Information supplied:
------
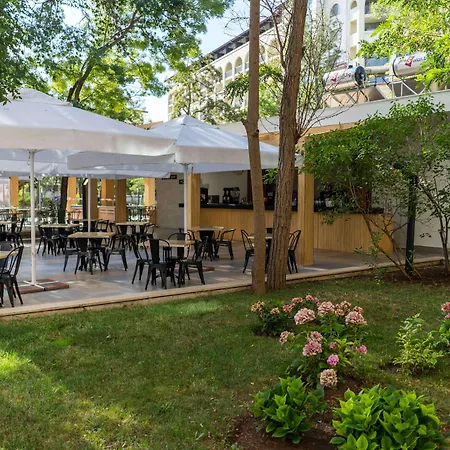 Hvd Club Bor Ultra - Private & Free Parking Szálloda Napospart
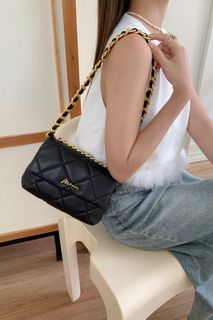 (Category: ) located in . Submitted by new_wardrobe (Listing ID 1337655681, Image 1). Description: .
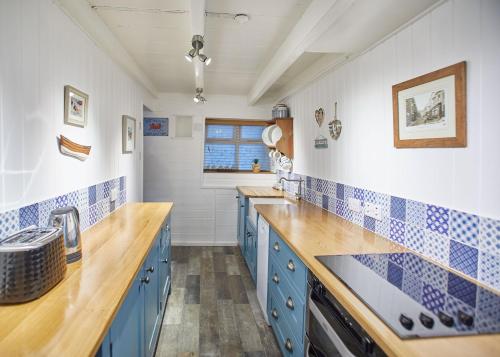 Kuchyň nebo kuchyňský kout v ubytování Host & Stay - Gull's Haven Cottage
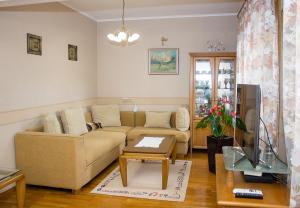 Big Happy Family ⁂ 2-BDR Apartment - Central Varna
------
What to produce: Word for word, restate the material above; do not carry over the pictures.

Output below:
 Hvd Club Bor Ultra - Private & Free Parking Szálloda Napospart
 (Category: ) located in . Submitted by new_wardrobe (Listing ID 1337655681, Image 1). Description: .
 Kuchyň nebo kuchyňský kout v ubytování Host & Stay - Gull's Haven Cottage
 Big Happy Family ⁂ 2-BDR Apartment - Central Varna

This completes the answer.